Last week's episode has left a still-unsettled debate on whether Robb salved the wounds or fueled the fire with his comments. "There's something to the idea that you endure the fury in March and the story dies of its own weight," said Alan Albert, a Norfolk attorney and Democratic activist.

But a party leader from the Richmond area disagreed. "Chuck Robb could unravel in a heartbeat," he said, noting that he, his wife and many of his friends intend to cast silent votes for Robb's opponent, Richmond attorney Sylvia Clute, in the June Democratic primary.

If money is the mother lode of politics, however, Robb's fund-raising ability stands as a hedge against that unraveling. During 1993, at a time when three statewide Democratic races precluded active fund-raising in the state, Robb raised $1.3 million, largely out of state. Close to $5 of every $6 were raised elsewhere, partially through 17 out-of-state fund-raising trips.

However, Robb's most lucrative gold-digging has been in Texas, the home state of his late father-in-law, Lyndon Baines Johnson. Last fall alone, he netted some $23,000 from individuals in Houston, $17,500 in Dallas and $13,250 in Austin.

There are many reasons for Robb's fund-raising prowess. The likelihood of a race against Oliver North attracts some, as do his positions on the Foreign Relations and Commerce committees.

And his link to the Johnson family and its extensive wealth remains critical.

"Texans have a very open, warm attitude toward the concept of family, and despite the bumps along the way, he is President Johnson's son-in-law," explained John F. Carter II, a Houston attorney and Robb donor.

While money is crucial to a Robb comeback, an even more essential ingredient is Lynda Robb. Her continued loyalty allows Robb to portray his transgressions as a private matter; campaign brochures show him draped by her and their three daughters.

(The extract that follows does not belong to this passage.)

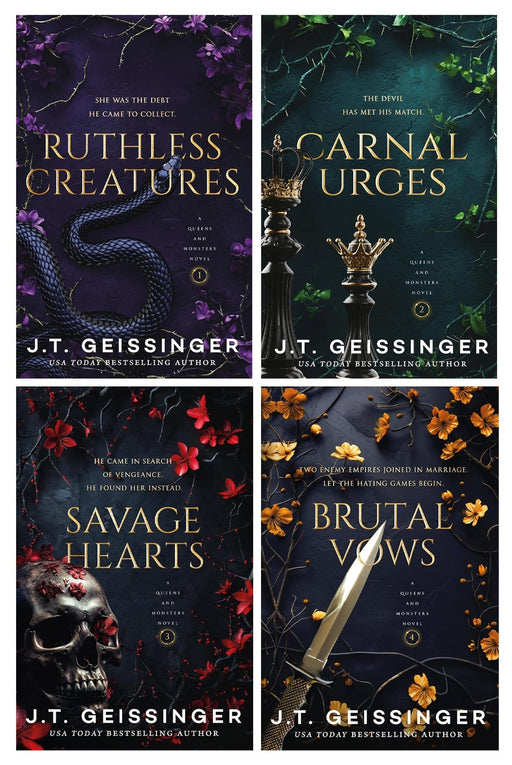 Queens and Monsters Series by J. T. Geissinger 4 Books Collection Set - Fiction - Paperback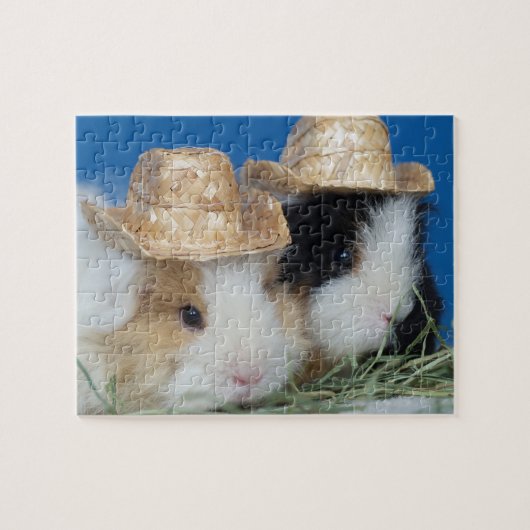 Two Cute Guinea Pigs Puzzle Legpuzzel (Horizontaal)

While Robb made 34 trips for the Democratic ticket last year, it is the calls from Lynda Robb that many activists seem to remember best. "If Tammy Wynette [who sang "Stand by Your Man"] was ever looking for a role model, there she is," said Kenneth Geroe, a 2nd District Democratic activist.

After six years in which Robb's negative publicity has outweighed the positive, his handlers are looking to recapture the hard-working, serious image that propelled him onto the Virginia political scene two decades ago. At his re-election announcement in Richmond, House Majority Leader Richard Cranwell of Roanoke County asked voters to "remember back" to the "bright, articulate, capable young Marine who sent the tide of fortune flowing" to the Democrats.

He and others spoke of Robb's achievements as governor in raising education spending by more than $1 billion, appointing record numbers of blacks and women, and reducing the number of state employees.

Virginians may find another newly unveiled theme more surprising, however. Accustomed to thinking of Robb as heir-by-marriage to a multimillion dollar fortune, they'll be told in campaign literature that Robb "understands the struggles of working families because he came from one.

"While still a teen-ager, he and his younger brother both worked to help support his family."

While Robb's middle-class upbringing was less Lincolnesque than the line suggests, the family did experience economic struggle after a dude ranch his parents had opened failed. The story line on Robb also may include his being kicked off the budget committee by Democratic Chairman James Sasser, D-Tenn., after pushing for budget cuts, or previously untold details of his Vietnam experience.

Few doubt that all the planning could come to naught if Robb's troubles re-emerge as the campaign focus, or if the shifting dynamics in the GOP nomination battle result in the selection of Miller, who was President Reagan's budget director, over North.